We continued to take personal inventory and when we were wrong promptly admitted it.

     
         
               
 
Question 1: Continuing to take personal inventory sounds like such a drag, why do I have to go on endlessly beating myself up?
Answers:

To me practicing this step doesn’t feel like endlessly beating myself up. It’s more like checking my compass to make sure I’m still heading where I want to go and getting rid of any dead weight before it bogs me down. I really don’t want to go back to carrying stuff around for years till I’m really miserable. This step helps keep my heart light as I “trudge the road to happy destiny”.
Linda S

Continual inventory may sound like a bit of a chore but it’s really nothing compared to endlessly feeling guilty, making excuses for myself, lying to cover my misdeeds, lying to cover my lies and the never ending effort to keep track of it all.
Steve P

I try to do the right thing but when I come up short I want to straighten things out as soon as possible. Nothing seems to get better if I just try to ignore it.
Mary S

   
               
 
Question 2: Somebody I respect told me that the key to forgiveness lies in Step 10. I keep staring at the step but I can’t see any key there.
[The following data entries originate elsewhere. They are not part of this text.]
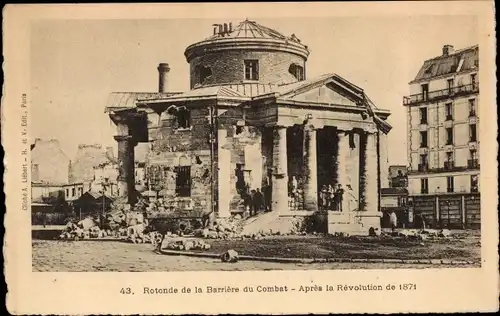 Ak Paris XIX La Villette, Rotonde de la Barrière du Combat après la Révolution de 1871
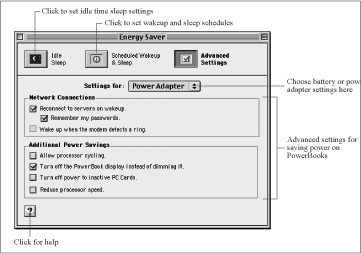 Advanced Settings for PowerBooks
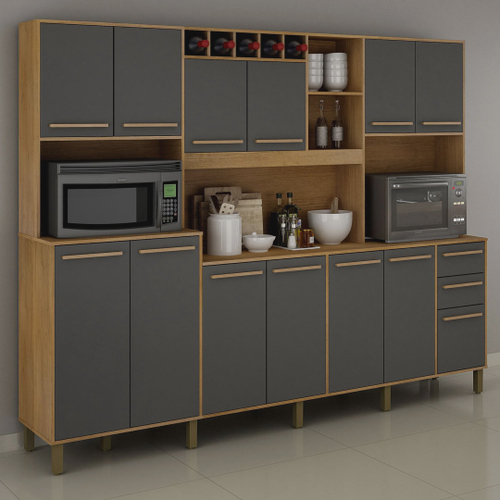 Armário de Cozinha Modulado Sabrina 360x202 Cm 6 Peças mdp Preto menu no  Shoptime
What was she talking about?
Answers:

I love the way your friend put that, “the key to forgiveness”. One of the things I must be most on the lookout for when I take my continuing inventory is a resentment. Resentments occur when things don’t go the way I want them to, when people don’t behave they way I think they should. If I am unable to let such things go when they occur and hang on to them instead, I am harboring a resentment. I believe the Big Book when it says that for me resentments can be serious, even fatal things. I find that I cannot will a resentment away. I cannot rationalize it away. No amount of logic, of thinking that I really should let it go and forgive this person actually makes that happen for me. Forgiveness, the ability to let a resentment go, must be sought outside myself, it is a gift which I must receive. The instructions for the 10th Step give me a clear way to seek this forgiveness. If I read Big Book pages 84-86 I find the instructions to pray to God and ask for forgiveness (not Him to forgive me, He doesn’t have the resentment, but to receive the gift of forgiveness from Him). The book goes on to say that perhaps I should discuss this problem with a friend (at once!) and then to take any corrective measures that are necessary. Finally, I should turn my thoughts toward helping others. This is a pretty good formula for finding the gift of forgiveness.
Peyton B

 
 
 
               
   
Question 3: I heard that when you got angry with someone it’s a good idea to pray for them. Does this really work?
Answers:

My sponsor says that when I start to get a resentment I should pray for the person I resent. I should pray to God and ask Him to give that person everything they desire and I should keep this praying up until the resentment goes away. A few days of this is usually enough to straighten me out.
Paul R

I ran to my sponsor to tell her the awful thing this woman had done to me and she said, “Pray for the bitch!” She told me to pick something about the person I thought was really good and pray that she might keep that thing. The woman had beautiful skin so I prayed every day that God help her keep her beautiful complexion. After about a week whenever I saw her all I could think about was how wonderful her complexion was, my anger was gone.